A percepção de que a degradação da Floresta com Araucária era abusiva marcou o momento do nascimento naquela criança de um grande amor pela que foi, e continua sendo, uma das árvores mais exuberantes e também cobiçadas da Mata Atlântica. Desse amor de menino, anos depois, nasceram inúmeras ações em prol da conservação da floresta que a abriga.

A luta pela criação de Unidades de Conservação (UCs), a proposição de legislações protetoras, o estímulo para denúncias sobre desmatamentos, crimes ambientais e ações de restauração e a elaboração de materiais de educação ambiental foram possíveis a partir do trabalho da Apremavi (Associação de Preservação do Meio Ambiente e da Vida), criada por ele e um grupo de 19 pessoas, e que, em 2017, completa 30 anos de atuação. Em parceria com outras pessoas e organizações, um conjunto de esforços permitiu que a Floresta com Araucária tivesse mais chances de sobreviver. Hoje, em Santa Catarina, onde a Apremavi estabeleceu sua sede, diversos exemplos de resultados positivos são somados, como a volta dos papagaios-charões e de papagaios-de-peito-roxo, que todos os anos colorem os céus em busca do alimento proporcionado pelas araucárias da região serrana do estado.
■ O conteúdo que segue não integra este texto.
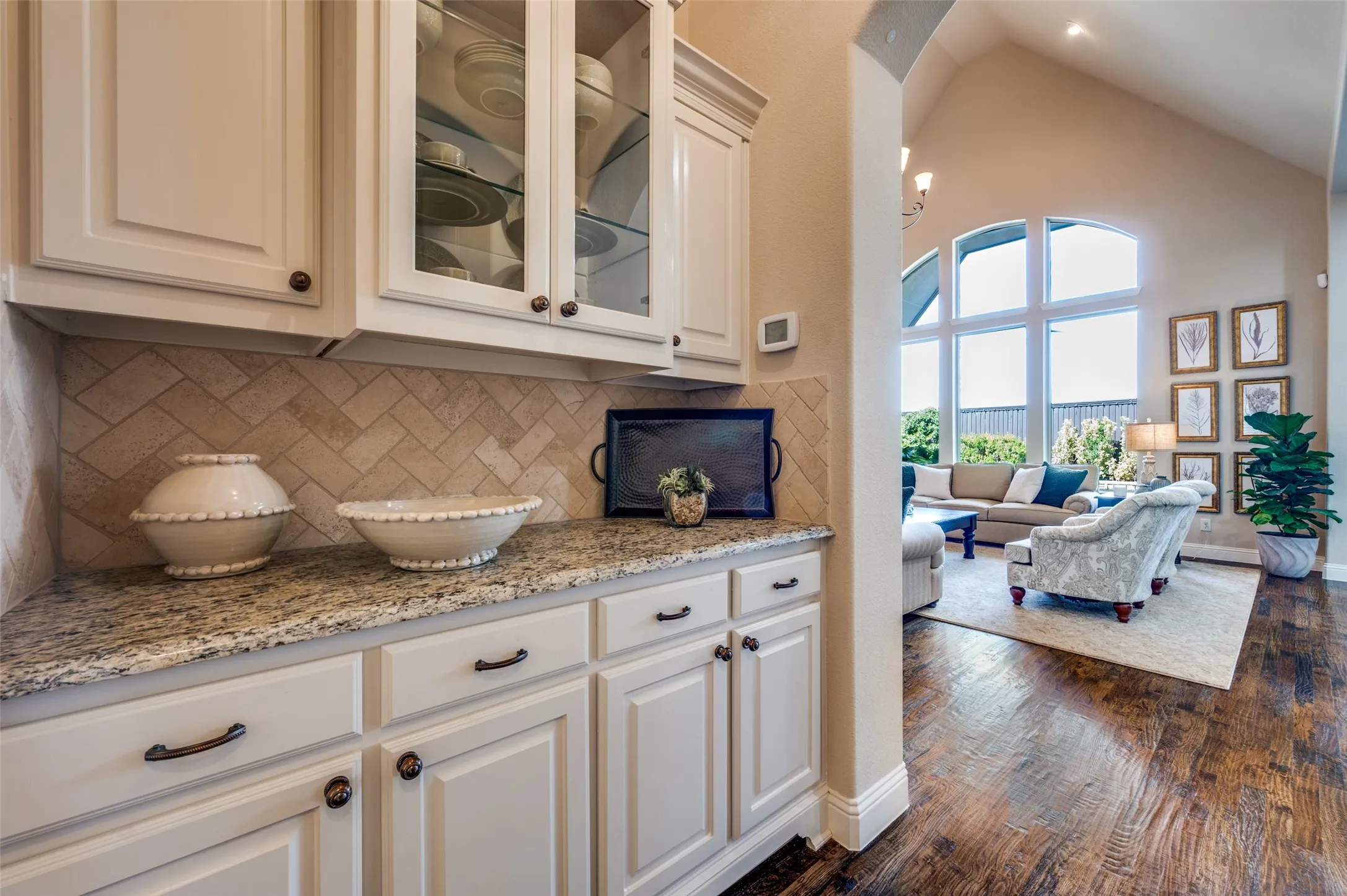 Single Family Residence For Sale in Collin County , 14860 Bardwell Lane, Frisco, Texas 75035, 5 Bedroom, 5 Bathroom, 3 Garage spaces, 4,776 Sqft, built in 2012, mls#21399780, Real Estate Agent in Frisco, Homes For Sale in Collin county, Homes For Sale in Frisco, Realtor in Frisco Texas, Real Estate Brokerage Independent Realty Texas, Luminita Cordes Realtor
As espécies, que integram a lista de espécies da fauna ameaçadas de extinção, são nativas da Floresta com Araucária e dependem desse ecossistema para sobreviver.

Na história da Apremavi muita coisa pode ser comemorada, como o plantio de oito milhões de mudas de árvores nativas para a restauração da Mata Atlântica, bem como o envolvimento de milhares de proprietários rurais em programas de adequação ambiental e planejamento de propriedades e paisagens.

Apesar dos bons resultados, infelizmente ainda são constantes as agressões às araucárias e a outras espécies que com elas convivem, não só em Santa Catarina, mas em todos os estados onde elas sobrevivem. A degradação que tanto incomodava Wigold criança ainda existe.

São necessárias e urgentes medidas fortes do poder público para coibir a ocorrência de crimes ambientais. No entanto, a sociedade deve cumprir papel fiscalizador e denunciar irregularidades. Cada cidadão pode adotar medidas de proteção e recuperação da biodiversidade que estiverem a seu alcance como, por exemplo, o plantio de espécies nativas. A Floresta com Araucárias e os Campos Naturais associados a ela, bem como os animais que vivem nessas formações vegetais, terão chances reais para viver com qualidade somente se toda a comunidade unir esforços em prol da conservação.

A exemplo de Wigold Schäffer, devemos cultivar o amor à natureza. Como bem escreveu Rubem Alves, “aquilo que está escrito no coração não necessita de agendas, porque a gente não esquece. O que a memória ama fica eterno”.

Que aproveitemos a ocorrência do Dia Nacional da Araucária, lembrado no mês de junho, para bradarmos: que muitas crianças tenham a chance de apaixonarem-se pelas araucárias e que o amor por elas seja eterno!

 

Miriam Prochnow é pedagoga, especialista em Ecologia, secretária executiva do Diálogo Florestal e presidente da Associação de Preservação do Meio Ambiente e da Vida (Apremavi). Também foi coordenadora da Federação de Entidades Ecologistas Catarinenses (FEEC) e da Rede de ONGS da Mata Atlântica (RMA).